China's Cotton Imports Seen Slumping to 13-Year Low Amid Glut

  • USDA's foreign unit forecasts 31% plunge in shipments
  • Estimate is `bearish' for price outlook, Love Consulting says

Chinese cotton imports will fall to their lowest in 13 years, according to a U.S. government forecast, as the nation reduces its inventories amid declining domestic use and growing competition from foreign producers.

Chinese mills will bring in 5.75 million bales from overseas suppliers in the 12 months started Aug. 1, the U.S. Department of Agriculture’s Foreign Agricultural Service said Tuesday in a report posted on its website.

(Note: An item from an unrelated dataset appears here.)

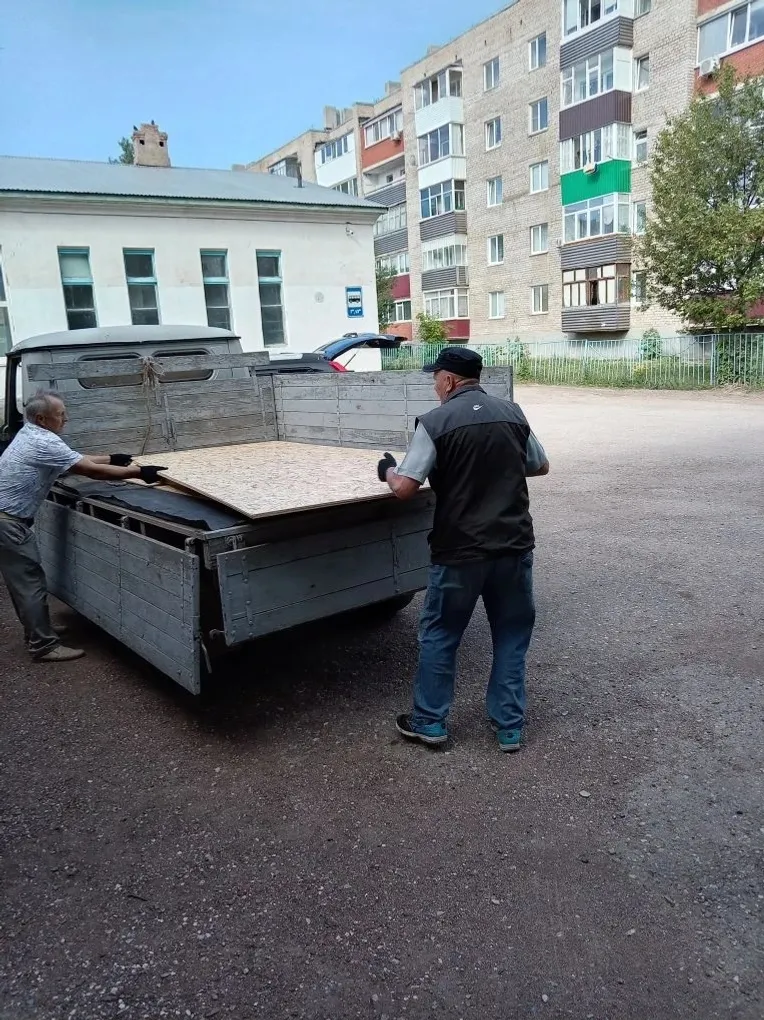 Гуманитар ярҙам ағымы туҡтамай…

That’s 31 percent lower than a year earlier and the least since 2002-2003.

Total Chinese production will also be down, according to the U.S. estimates. Output is projected at 25.3 million bales in the period, compared with 29.9 million bales a year earlier. A bale weighs 480 pounds (218 kilograms).

Cotton prices have dropped in the past two months amid concern about demand, particularly in China, where the government is trying to reduce near-record stockpiles at a time of slowing economic growth.

Tuesday’s import estimate “will have to be bearish on prices,” Sid Love, president of Sid Love Consulting Services in Overland Park, Kansas, said in a telephone interview. “This is another indication that actual GDP is probably lower than what the official number tell us” and “that’s why demand is declining,” he said.

The USDA will update its world supply and demand statistics on Sept. 11. Last month, the agency estimated U.S. exports for 2015-2016 at 10 million bales, down from 11.2 million a year earlier, and the lowest since 2000-2001. Last week, Barclays Plc said China may stop importing the fiber by 2018, and may become a net exporter the following year as the nation’s textile industry shrinks amid foreign competition and cheap polyester prices.